Initially we did some troubleshooting with IBM Support. That resulted in us running things like:
/usr/sbin/rsct/install/bin/recfgct
/usr/sbin/rsct/bin/rmcctrl –p
We tried getting root access via pedbg. We also tried collecting a snap:
/usr/sbin/rsct/bin/ctsnap
Eventually, once we escalated high enough up the support food chain, someone noticed a very basic HMC setup problem:
The LPAR IBM.MgmtDomainRM default file shows this msg where it’s attempting to create a IBM.MCP entry for hmc1. It fails with Error number 14, duplicate key for localhost.
2610-652 The specified time limit has been exceeded.
Mon Feb 17 13:04:32 CST 2014(439849) ../../../../../src/rsct/rm/MgmtDomainRM/MCP_cfg.c/01438/1.22 2613-034 Error number 14 was returned when attempting to define an IBM.MCP resource.
2610-014 The key token localhost is a duplicate.

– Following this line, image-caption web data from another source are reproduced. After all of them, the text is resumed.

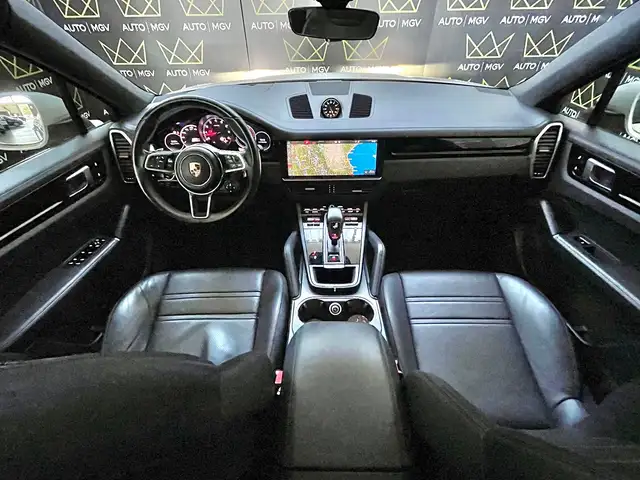 Porsche Cayenne view 10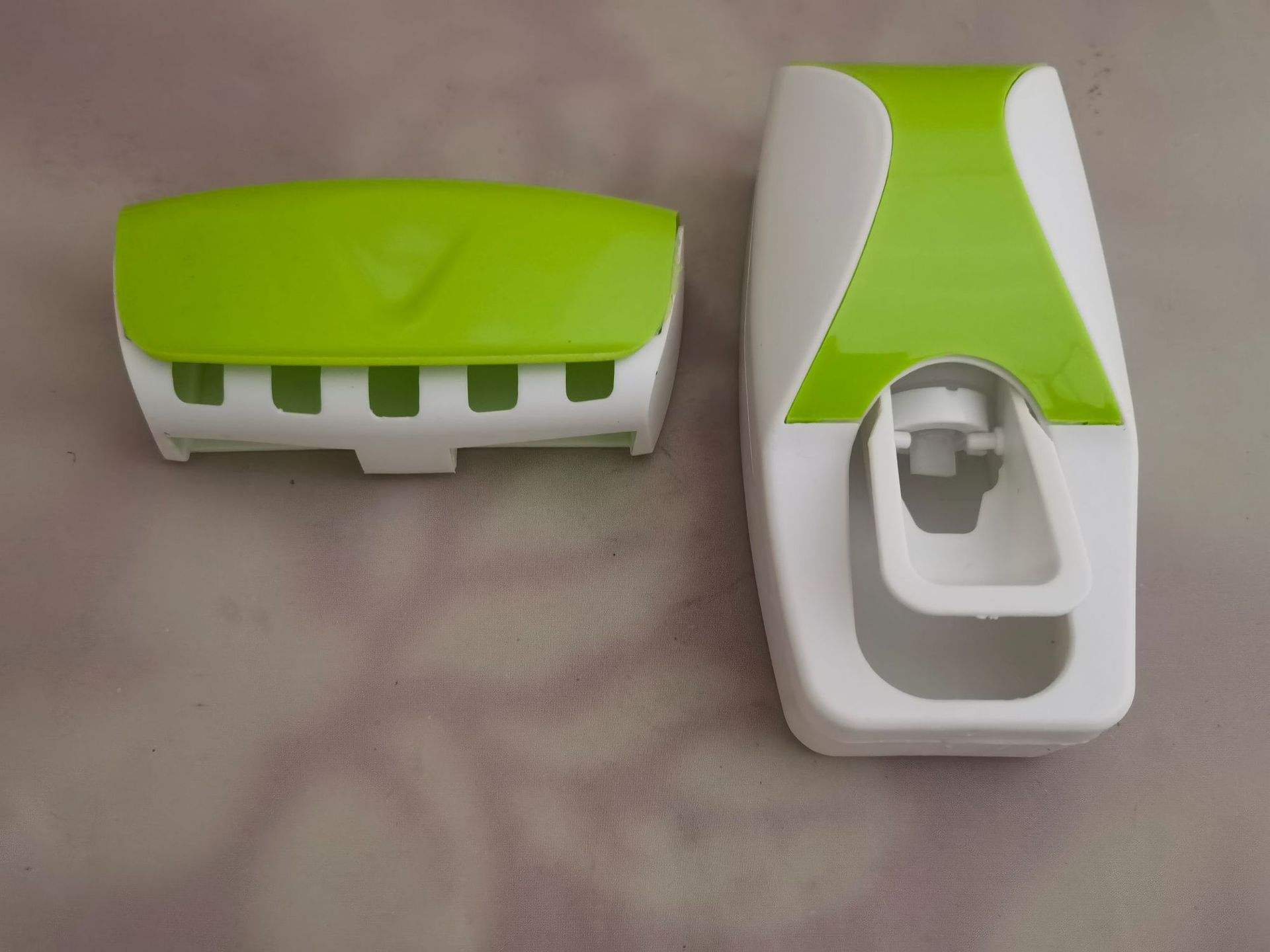 สีเขียว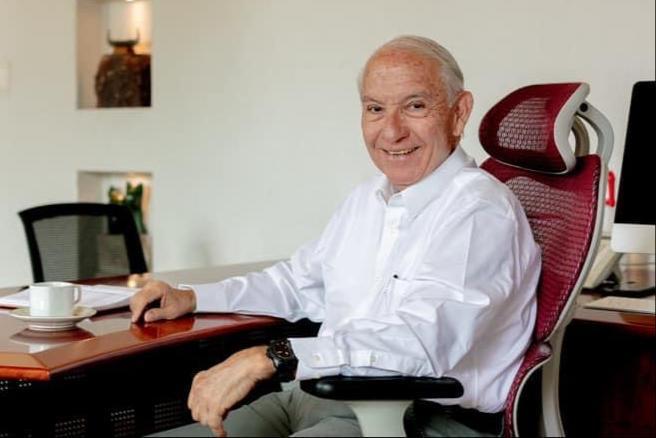 Con gasto millonario en su imagen, el cordobés Guillermo Rivas viola la ley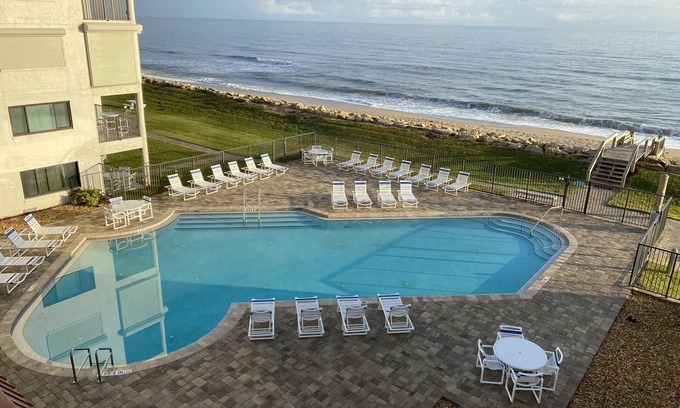 Bethune Beach Condo | Oceanfront Condo at Chadham by the Sea with Pool & Spa
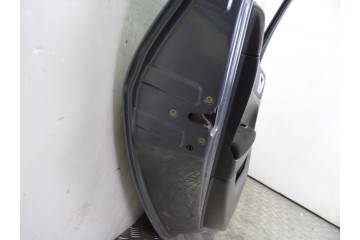 GRIS CENIZA PUERTA TRASERA IZQUIERDA PEUGEOT 307 BERLINA (S2) X-Line 2006 GRIS CENIZA 203144 PEUGEOT - 1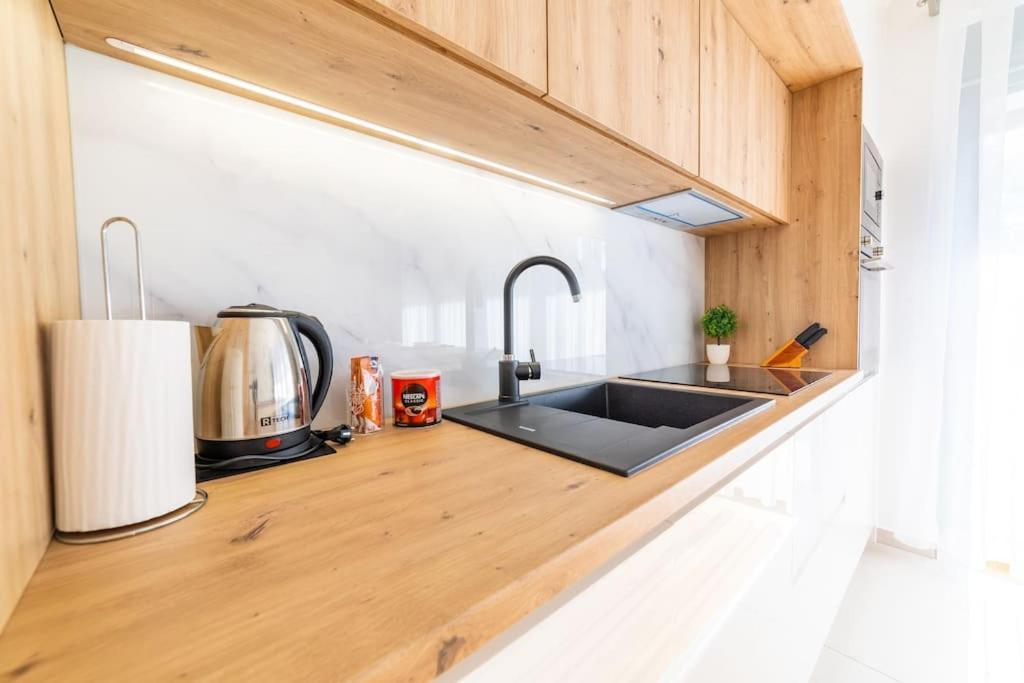 Apartman Lux Self Check-In Virovitica Buitenkant foto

During the initial build of the HMCs, they had been given their unique hostname and IP address, but somehow someone made a change that resulted in both hostnames being reset to localhost. Since these HMCs had the same hostname and ran on the same network, only one of the two was capable of managing LPARs at any given time. The other one would always fail.
Needless to say, if you run multiple HMCs, make sure they have unique hostnames. And in any environment, it’s essential to establish good change control so people aren’t making changes to systems without proper approvals and documentation.